[PATCH 0/3] net: ntb_netdev: Add Multi-queue support
From: Koichiro Den
Date: Tue Feb 24 2026 - 10:28:22 EST
Hi,
ntb_netdev currently hard-codes a single NTB transport queue pair, which
means the datapath effectively runs as a single-queue netdev regardless
of available CPUs / parallel flows.
The longer-term motivation here is throughput scale-out: allow
ntb_netdev to grow beyond the single-QP bottleneck and make it possible
to spread TX/RX work across multiple queue pairs as link speeds and core
counts keep increasing.
Multi-queue also unlocks the standard networking knobs on top of it. In
particular, once the device exposes multiple TX queues, qdisc/tc can
steer flows/traffic classes into different queues (via
skb->queue_mapping), enabling per-flow/per-class scheduling and QoS in a
familiar way.
This series is a small plumbing step towards that direction:
1) Introduce a per-queue context object (struct ntb_netdev_queue) and
move queue-pair state out of struct ntb_netdev. Probe creates queue
pairs in a loop and configures the netdev queue counts to match the
number that was successfully created.
2) Expose ntb_num_queues as a module parameter to request multiple
queue pairs at probe time. The value is clamped to 1..64 and kept
read-only for now (no runtime reconfiguration).

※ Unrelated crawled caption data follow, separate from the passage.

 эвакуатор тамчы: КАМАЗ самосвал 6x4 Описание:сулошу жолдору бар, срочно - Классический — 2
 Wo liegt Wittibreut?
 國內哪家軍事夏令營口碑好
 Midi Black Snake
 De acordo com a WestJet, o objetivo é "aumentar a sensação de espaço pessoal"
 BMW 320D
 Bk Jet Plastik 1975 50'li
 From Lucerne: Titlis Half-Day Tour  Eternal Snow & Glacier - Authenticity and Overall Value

3) Report the active queue-pair count via ethtool -l (get_channels),
so users can confirm the device configuration from user space.
Compatibility:
- Default remains ntb_num_queues=1, so behaviour is unchanged unless
the user explicitly requests more queues.
Kernel base:
- ntb-next latest:
commit 7b3302c687ca ("ntb_hw_amd: Fix incorrect debug message in link
disable path")
Usage (example):
- modprobe ntb_netdev ntb_num_queues=<N> # Patch 2 takes care of it
- ethtool -l <ifname> # Patch 3 takes care of it
Patch summary:
1/3 net: ntb_netdev: Introduce per-queue context
2/3 net: ntb_netdev: Make queue pair count configurable
3/3 net: ntb_netdev: Expose queue pair count via ethtool -l
Testing / results:
Environment / command line:
- 2x R-Car S4 Spider boards
"Kernel base" (see above) + this series
- For TCP load:
[RC] $ sudo iperf3 -s
[EP] $ sudo iperf3 -Z -c ${SERVER_IP} -l 65480 -w 512M -P 4
- For UDP load:
[RC] $ sudo iperf3 -s
[EP] $ sudo iperf3 -ub0 -c ${SERVER_IP} -l 65480 -w 512M -P 4
Before (without this series):
TCP / UDP : 602 Mbps / 598 Mbps
Before (ntb_num_queues=1):
TCP / UDP : 588 Mbps / 605 Mbps
After (ntb_num_queues=2):
TCP / UDP : 602 Mbps / 598 Mbps
Notes:
In my current test environment, enabling multiple queue pairs does
not improve throughput. The receive-side memcpy in ntb_transport is
the dominant cost and limits scaling at present.
Still, this series lays the groundwork for future scaling, for
example once a transport backend is introduced that avoids memcpy
to/from PCI memory space on both ends (see the superseded RFC
series:
https://lore.kernel.org/all/20251217151609.3162665-1-den@xxxxxxxxxxxxx/).
Best regards,
Koichiro
Koichiro Den (3):
net: ntb_netdev: Introduce per-queue context
net: ntb_netdev: Make queue pair count configurable
net: ntb_netdev: Expose queue pair count via ethtool -l
drivers/net/ntb_netdev.c | 326 +++++++++++++++++++++++++++------------
1 file changed, 228 insertions(+), 98 deletions(-)
--
2.51.0